Spoof Twitter profile

Spoof Twitter profile

10. I am not going to start with Tweets but Profiles. How many times do you read; “I am an expert at SEO, Web2.0, blah, blah, blah. My site is rated No1 on blah , blah , blah”?

Come on who are you trying to kid? If you were that good, you would not be posting tweets with links to your site. If you are that good, then go and spend time with your family and let someone else Tweet for your company!

9.”I am listening to “Your song” on Blah.FM”.

To be honest I don’t care. All you are doing is Tweeting a plug for the online radio station. Now if you were to Tweet  “Listening to: “I fought the Law, by the Clash”; I am reliving that failed bank raid, I carried out”. Then it might well catch my attention!

8. “Good morning, Thank you and welcome to all my new followers who joined over night”.

I really don’t like this. It comes across only a little better than the auto DM’s sent to new followers. This is just the thing that those operating pyramid follow schemes post everyday.

7. “RT @twitrant New web page: How Twitter can change the world. http;//www.twitrant.com/change_the_world.htm”

ReTweeting masses of Tweets to inflate your number of updates. Unless your followers are likely to be interested in a Tweet, don’t do it. If you can,  say why you liked that the Tweet you are ReTweeting.

6. “ @twitrant New web page: How Twitter can change the world. http;//www.twitrant.com/change_the_world.htm Please Retweet this”.

Asking followers for ReTweets, MrTweets, followfridays, Stumbles. etc.

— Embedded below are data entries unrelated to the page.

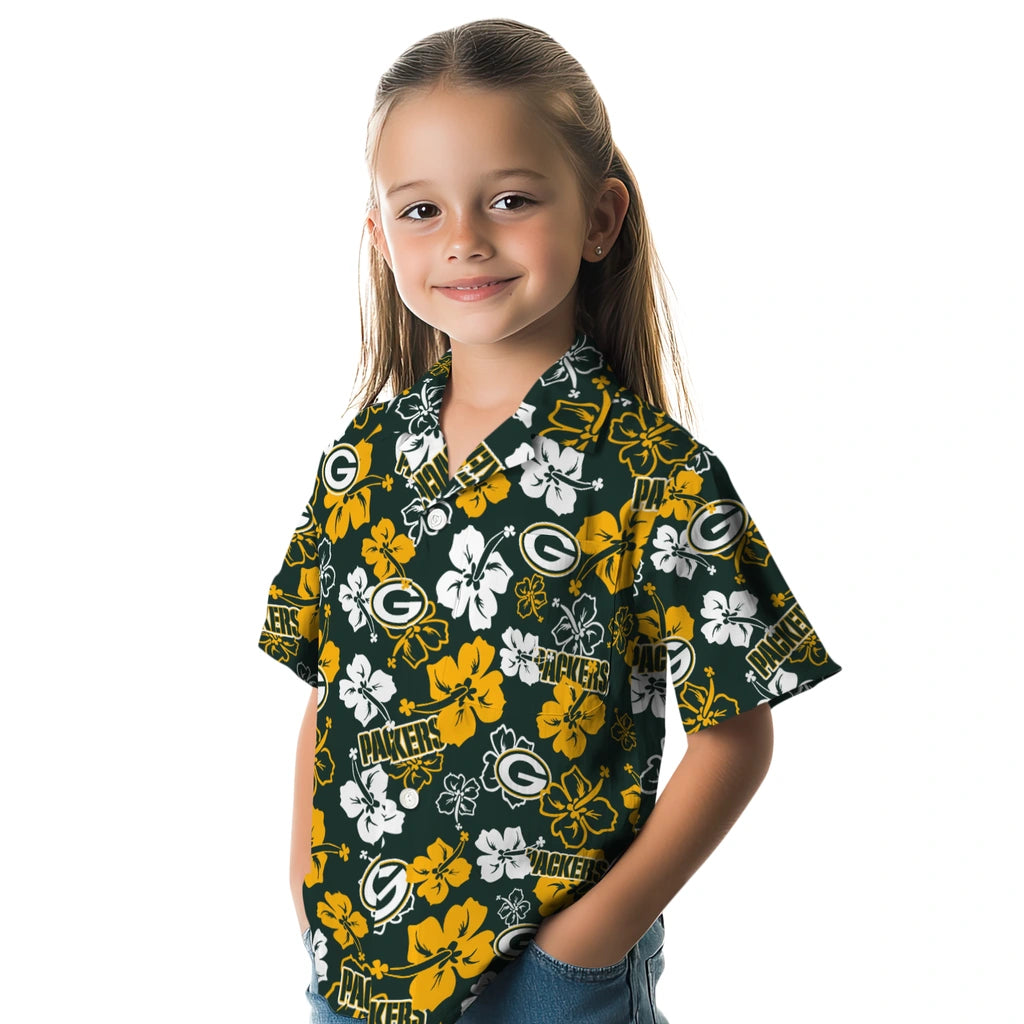 Green Bay Packers Hawaiian Shirt - Hibiscus Flower Design | Moonbestprint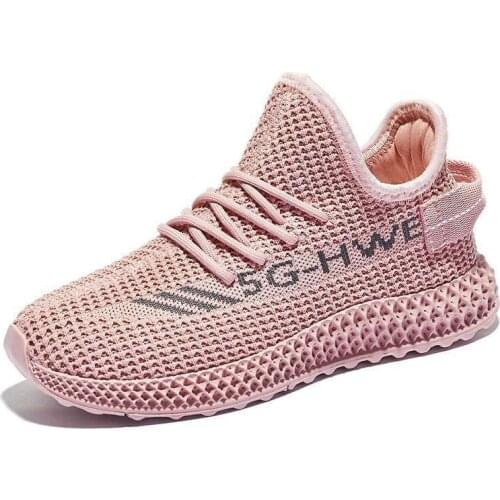Spring And Autumn 2021 New Breathable Flying Woven Casual Womens Shoes One-Step Fashion Mesh All-Match Sports Running Shoes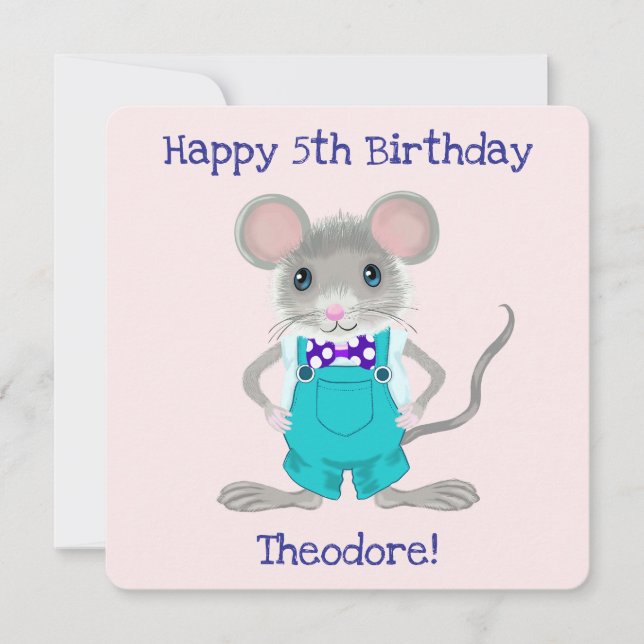 Cartão De Notas Aniversário bonito e elegante do rato (Frente)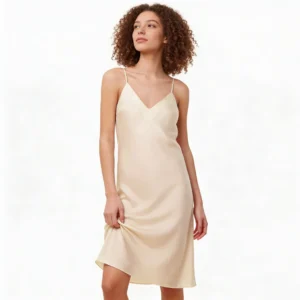 QinQin Elegant Stylish Lightweight Comfortable Women's One-piece Night Dress Pajamas Smooth Silk Breathable Front Customizable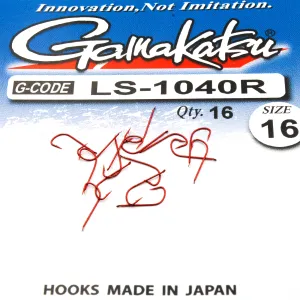 Haczyki Gamakatsu LS-1040 N/L r.16 16szt RED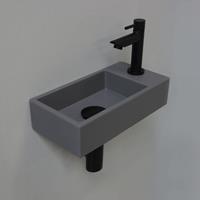 Douche Concurrent Fonteinset INK Versus Rechthoek Rechts 36x18x9cm Quartz Grijs Toiletkraan Sifon Plug Mat Zwart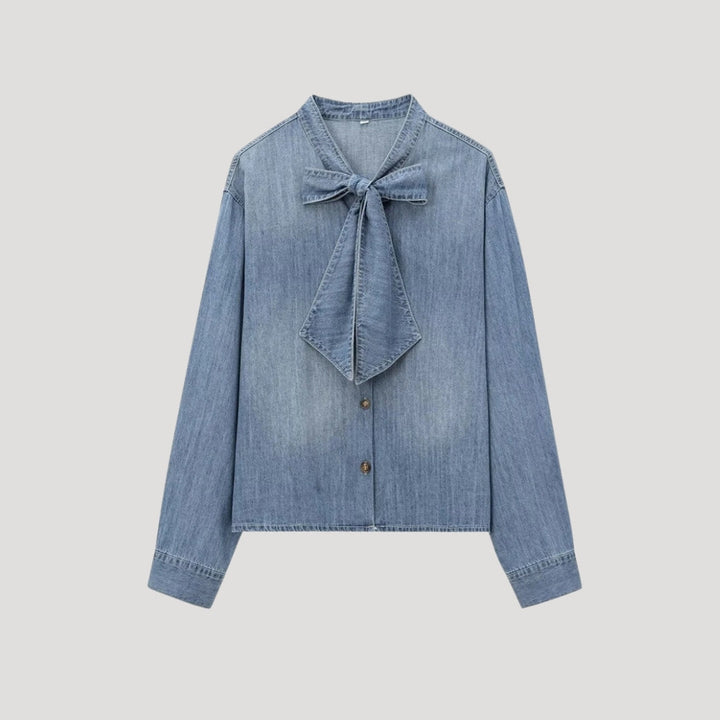 Stilla | Denim Butterfly Bluse Med Lange Ærmer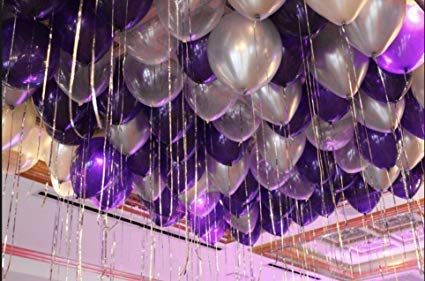 Metallic Finish Balloons for Birthday / Anniversary Party Decoration (Pack of 50, Purple & Silver)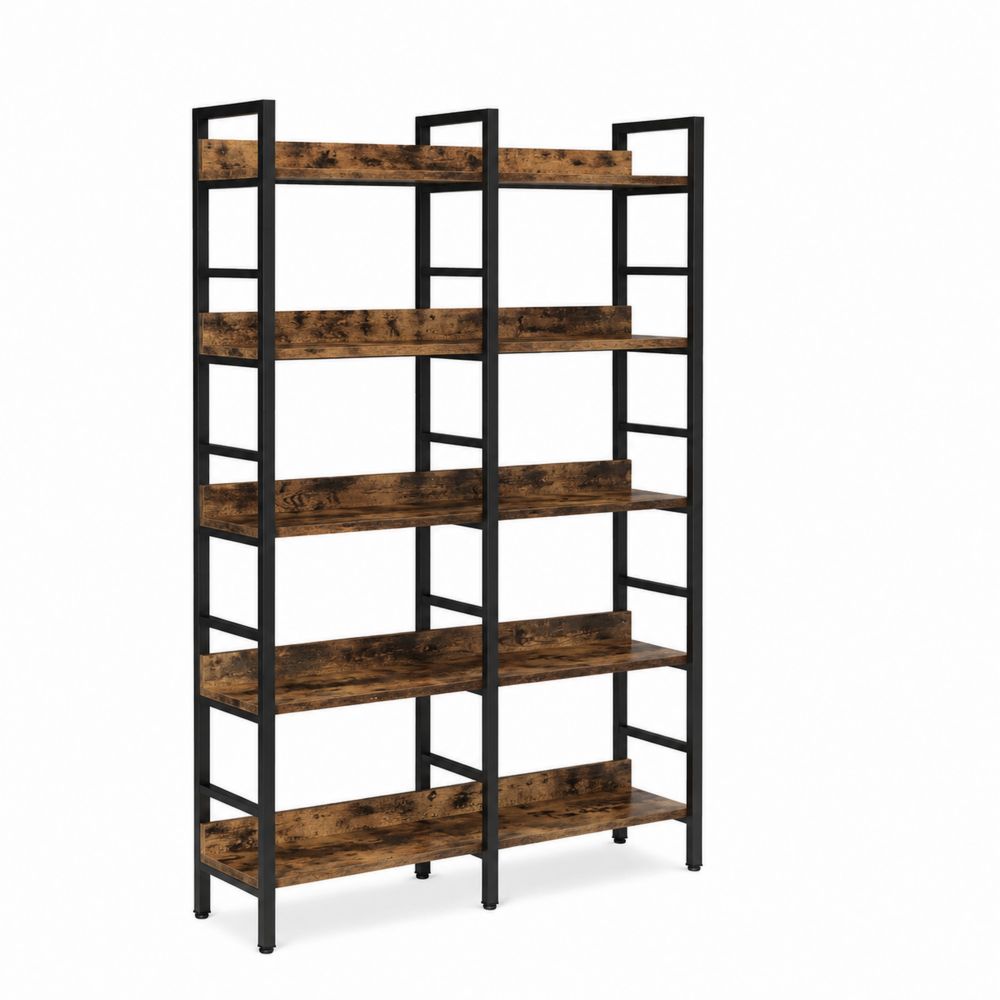 Étagère industrielle en bois et métal, 5 niveaux, Marron rustique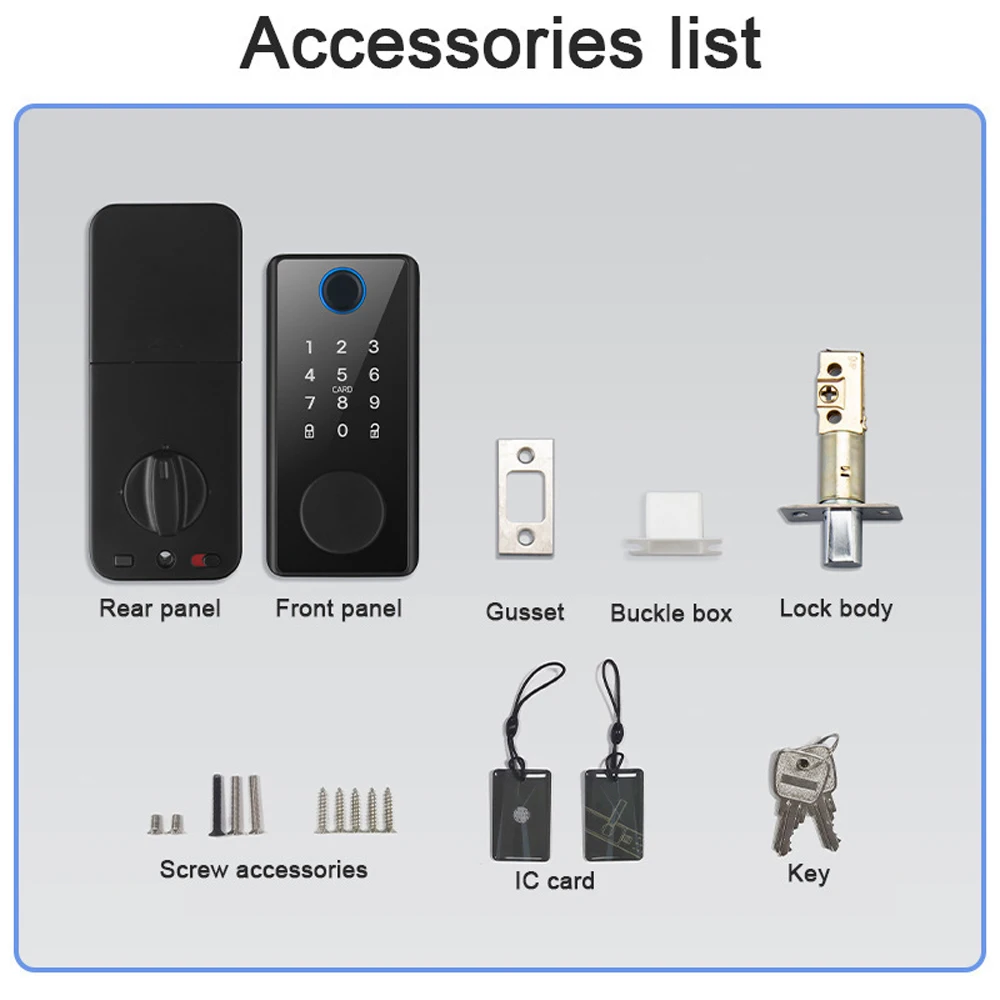 Tuya Mobile APP Smart Remote Control Fingerprint Biometrics Password Code Deadbolt Automatic Latch Lock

I’m sure I don’t need to explain this. If the Tweets are good, then they will get Re Tweeted and if we think Tweeple or their web sites are worthy of recommendations, we will give them. Its a sure sign of a commercial outfit, when they ask for this.

5. “New web page: How Twitter can change the world. http;//www.twitrant.com/change_the_world.htm”

Twitter streams that are nothing more than an RSS feed of their owners web site. So you joined Twitter, but can’t actually be bothered to Tweet about anything, so instead you add a widget to your site to automatically Tweet your web pages. Sorry, you will have to try harder.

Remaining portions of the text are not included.